After he jumped the gunman and was beating him bloody with the gunman’s own weapon, Major Fierro called for a passing woman to kick the gunman with her high heels until he said to quit. A witness in the club said the woman was a transgender woman.
The story does not say when/if the stopped stopped kicking, though in Major Fierro’s interview with CNN, he said she eventually left. The major was aided by a Navy officer, Thomas James, who was wounded in the attack.

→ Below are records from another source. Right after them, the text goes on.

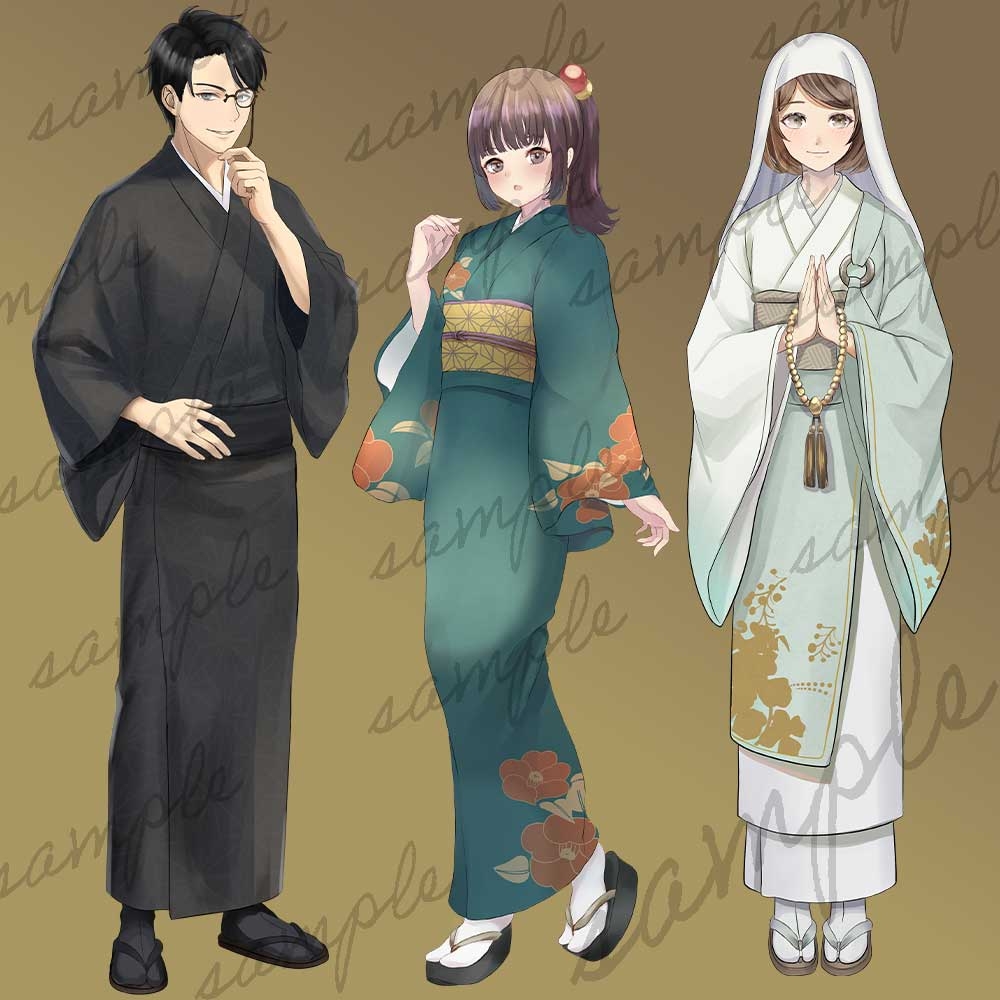 和風シナリオ向けキャラクターセット【立ち絵素材6体・表情差分付き】 画像2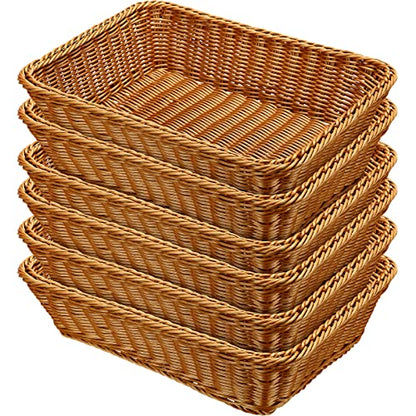 6 Pcs 17.7 in Large Wicker Bread Baskets, Woven Serving Basket for Kitchen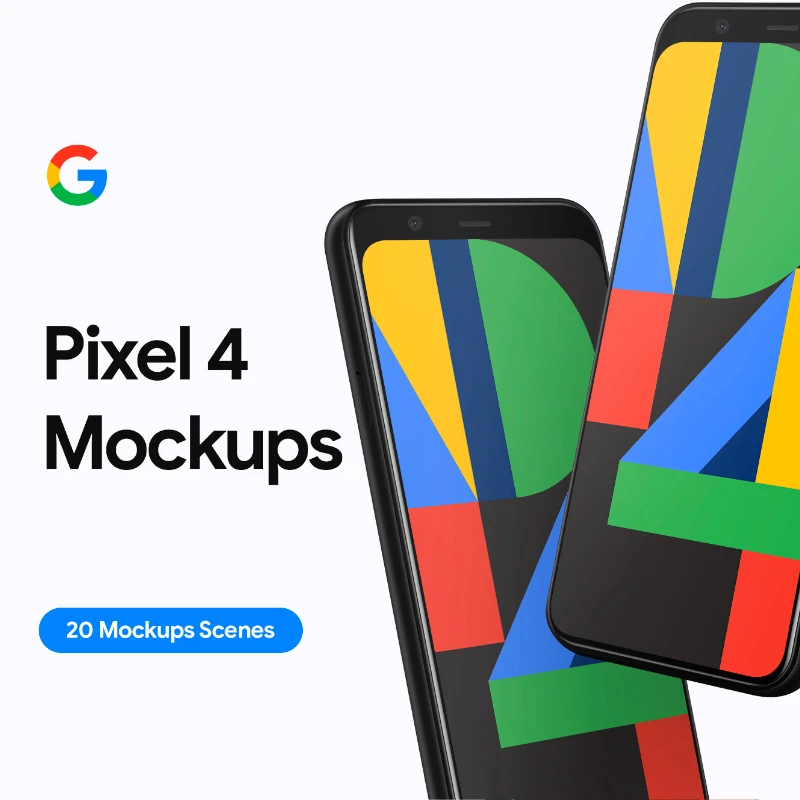 Google Pixel 4 20 Mockups Part 1 谷歌像素4手机 20款智能样机模型缩略图到位啦UI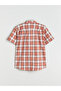 Regular Fit Short Sleeve Plaid Poplin Men's Shirt - 6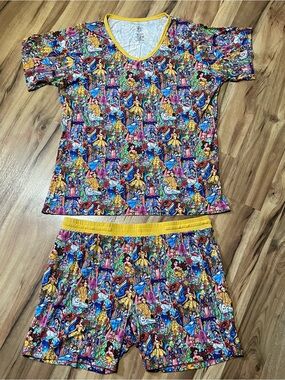Giggle Gang Boutique Disney Princess Stained Glass Bamboo Pajama Set XL Shorts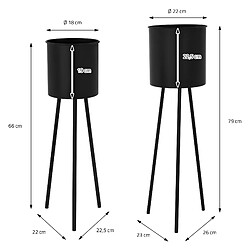 ML-Design Supports à fleurs Set de 6 pots en acier Pot de fleurs Support de plantes Colonn pas cher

Major Fierro was a veteran of four combat deployments in Iraq and Afghanistan, and he came home trying to fit into the hair shirt that can be civilian life. He’s a regular dude — he called himself, a “fat old vet.” And he and others saved more lives than we can count. So while I’m counting my blessings, I’m including Major Fierro and his family — they lost a loved one that night — for their utterly ordinary courage and grace, and for people who instead of focusing on their own heroism, beat themselves up that there were five people they couldn’t save.
A bad guy with a gun was stopped by good people without guns
Six people on SCOTUS, 49 people in the Senate, and ~218 people in the House, all claiming to be "pro-life," could stop this bloodbath today.